There are two things you need to consider: time of seating (1st or 2nd) and actual rotation (APL, PLA, LAP).
Time of seating: This is purely a question of how late or how early you need to eat based on your personal preference/routine and home time zone. Nothing more than that.
Actual rotation: This is the tricky one and having recently opted to change my
DCL-assigned rotation (see explanation below), I am now a firm believer that the Mouse does indeed know best and you're best not to question/change his assignment. APL is for the younger set. PAL is the family set, generally with kids that are school aged or older. LAP is the adults/older kids set.
Here's my experience. I was given second seating with LAP because my kids aged 7 and 9 are considered "older". (I know 7 and 9 are still young, but when you consider that there are many little kids in the 0-6 range onboard, well age is relative.) Since I wanted to be in Lumières for our dress-up nights (the boys and my husband were in tuxes) and was one of the first onboard, I was able to change from LAP to APL.

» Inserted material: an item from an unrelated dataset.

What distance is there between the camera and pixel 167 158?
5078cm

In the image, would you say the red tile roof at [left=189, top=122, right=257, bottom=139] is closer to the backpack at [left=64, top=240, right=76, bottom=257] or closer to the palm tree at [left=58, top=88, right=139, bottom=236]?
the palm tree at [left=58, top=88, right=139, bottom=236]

Big mistake and one I admit that I made without much thinking. Changing to APL did put us with a lovely young family from California, but my kids probably missed out on many opportunities to meet kids their own age or older and to partake in older kid/adult conversations. We were in Lumières for formal, yes, but I think we would have preferred the company of older kids/older parents like us, even if it meant being in a tux in Parrot's Cay.
We've actually decided cruising is not quite for us, but if fate puts me back on DCL anytime soon, well you can be certain I will follow the Mouse's orders and eat when and where he tells me too!
Moral of the story: The only thing you should change is late to early or early to late, but try and keep the rotation that has been assigned to you.
Happy cruising!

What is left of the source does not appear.